Published in final edited form as:
Transplant Proc. 1991 December; 23(6): 2937–2938.
PMCID: PMC2977909

The Effect of FK 506 on Peripheral Blood T-Lymphocyte Subsets in Orthotopic Liver Transplant Patients

Although the detailed immunosuppressive mechanism of cyclosporine (CyA) differs from that of FK 506, both CyA and FK 506 inhibit T-lymphocyte proliferation by blocking production of interleukin-2 (IL-2) either directly or indirectly.1,2

Peripheral T-lymphocyte subsets appeared to be influenced under the presence of CyA.35 In rat, both CD4 and CD8 positive T lymphocytes were decreased in the peripheral blood in the presence of FK 506.6

In this study, we monitored the peripheral T-lymphocyte subsets in orthotopic liver transplant (OLT) patients to evaluate the association between plasma FK 506 trough level and T-lymphocyte subsets.



This study consisted of 36 randomly selected plasma samples from patients who received OLT at the Presbyterian University Hospital, University of Pittsburgh, between May 1, 1991 and July 31, 1991. The initial immunosuppressant was FK 506 with a low-dose steroid. OKT3, antilymphocyte globulin (ALG), and azathioprine were not used.

Peripheral T-Lymphocyte Subset Monitoring

Freshly isolated lymphocytes using Ficoll-Hypaque density method were stored in liquid nitrogen until the testing.

CD3, CD4, and CD8 monoclonal antibodies (Becton Dickinson, Mountain View, Calif) were used to stain the T-lymphocyte subsets as described earlier.7 FACScan (Becton Dickinson) was used for the analysis.
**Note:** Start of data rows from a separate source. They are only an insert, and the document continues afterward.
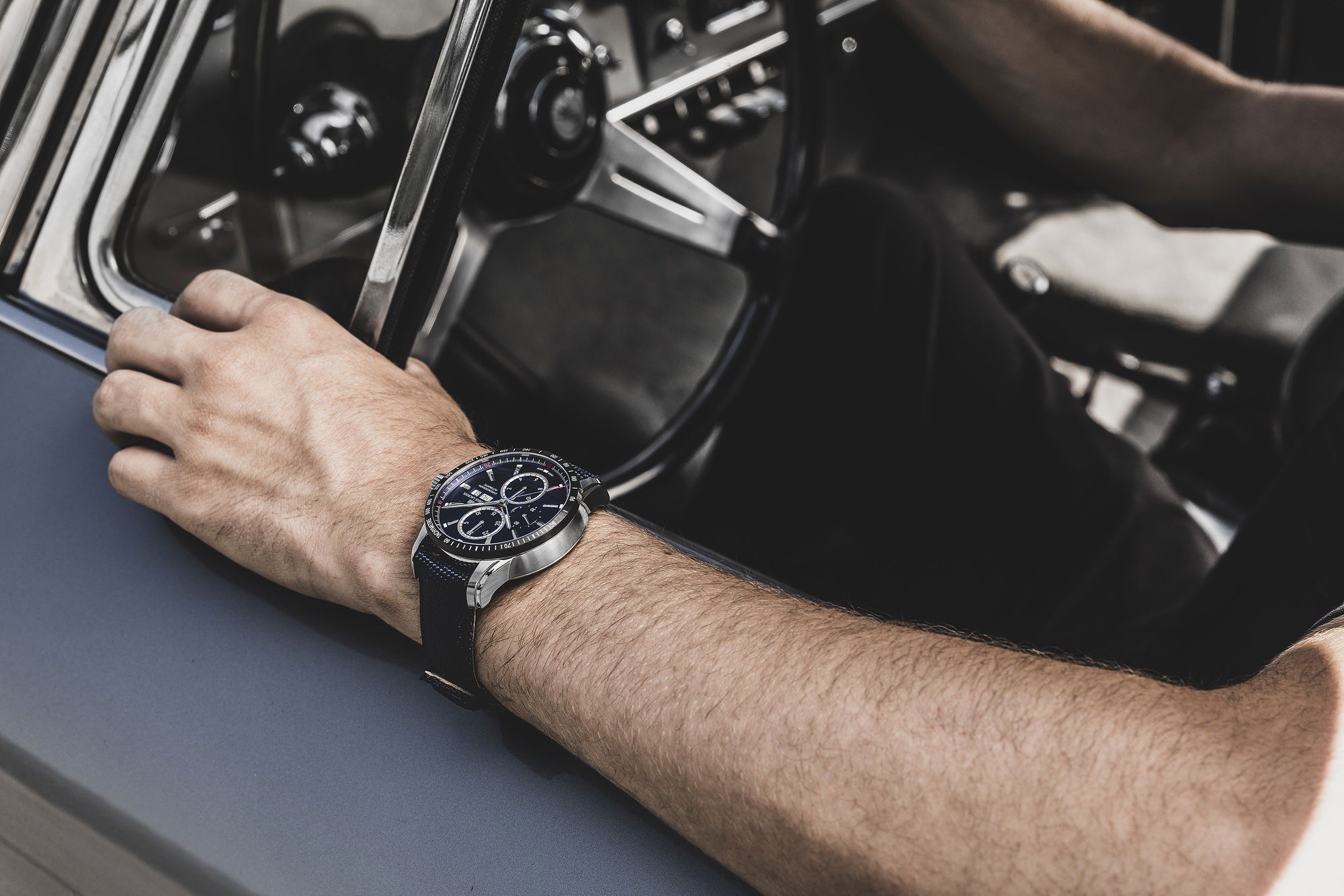 IMG_9081 Maurice Lacroix Pontos Chronograph 43 PT6038-SSL24-430-4 Replica 5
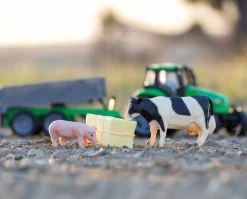 Breyer Farms™ Tractor and Tag-A-Long Wagon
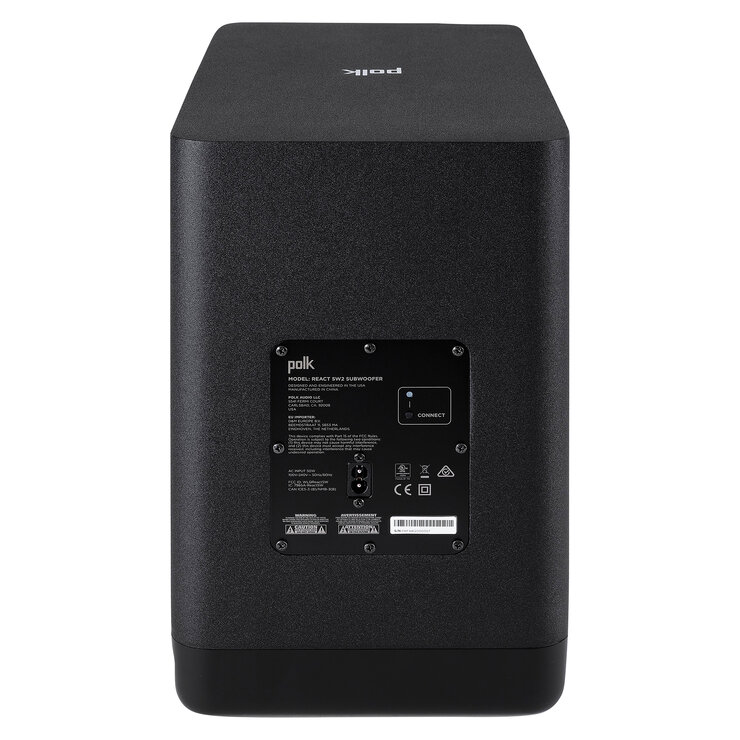 Polk React Subwoofer  — Imagen 3 de 3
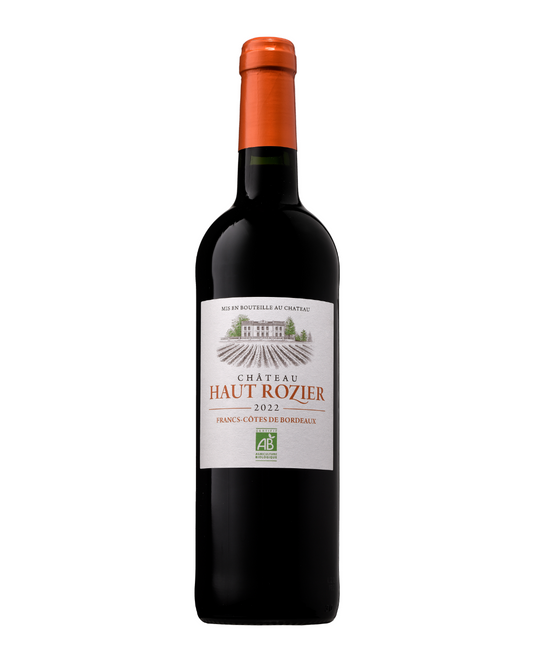 Château HAUT-ROZIER 2022, Francs-Côtes de Bordeaux, France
Plasma FK 506 Trough Levels

The FK 506 trough levels were measured using the plasma isolated from the samples monitored for the T-lymphocyte subsets. The plasma FK 506 trough level was determined by enzyme-linked immunosorbent assay (ELISA) described by Tamura et al.8


FK 506 reduced the proportion of CD3 positive T lymphocytes in the peripheral blood, however, the magnitude of reduction was not influenced by the plasma FK 506 trough level (Fig 1).

Fig 1
T-Lymphocyte subsets (CD3, CD4, and CD8) and CD4/CD8 ratio according to the plasma FK 506 trough level.
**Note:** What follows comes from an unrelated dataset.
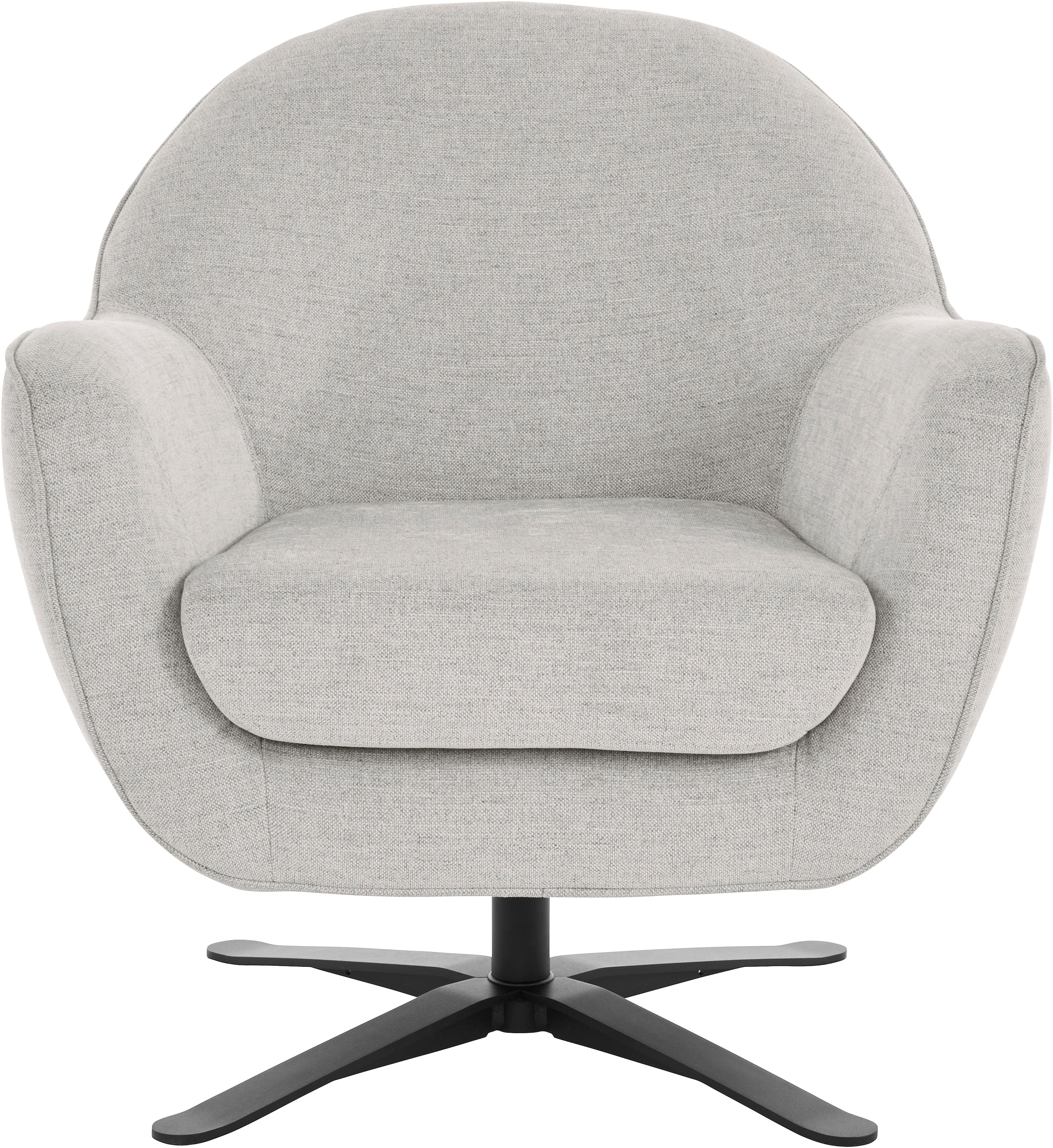 andas Drehsessel "Stavre, Loungesessel mit Drehfunktion", in moderner Optik günstig online kaufen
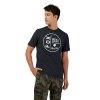 TRIKO FOX WORLDWIDE SS PREMIUM BLACK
The FK 506-treated patients had a decreased proportion of both CD4 and CD8 T lymphocytes compared with the normal individuals with a few exceptions. Interestingly, the most significant suppression of CD4 or CD8 proportion was observed with a FK 506 plasma trough level of 1 to 3 ng/mL.
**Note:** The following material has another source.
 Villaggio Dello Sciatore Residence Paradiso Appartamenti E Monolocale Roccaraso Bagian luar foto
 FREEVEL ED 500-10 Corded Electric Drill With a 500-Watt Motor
A trend of higher CD4/CD8 ratio was observed as the FK 506 trough level was increased, however, it was not significant.


FK 506 not only inhibits early phase of CD4 positive T-lymphocyte activation, it also suppresses CD8 positive cytotoxic T-lymphocyte generation.1,9 Our study clearly demonstrated a decreased population of both CD4 and CD8 T lymphocytes. However, the most significant suppression was observed when FK 506 trough level was a range of 1 to 3 ng/mL in either subset.

The suppression was inconsistent when it was more than 3 ng/mL. This result differs from the in vitro experiment that indicated the dose-dependent efficiency of FK 506.10 One possible explanation is that the in vitro study primarily focused on the functional study whereas our study reflects just cell population. Therefore, the FK 506 trough level does not necessarily need to reflect the suppressed number of CD4 or CD8 positive T lymphocytes. In fact, animal studies indicated that a higher incidence of CD8 positive T cells in the spleen or thymus was observed when FK 506 was administered. 11 The time lag between the monitoring results and FK 506 trough levels should not be overlooked. 11

In summary, although further T-lymphocyte studies are in order in conjunction with the subset monitoring, a range of 1 to 3 ng/mL of plasma trough FK 506 levels seems to be favorable.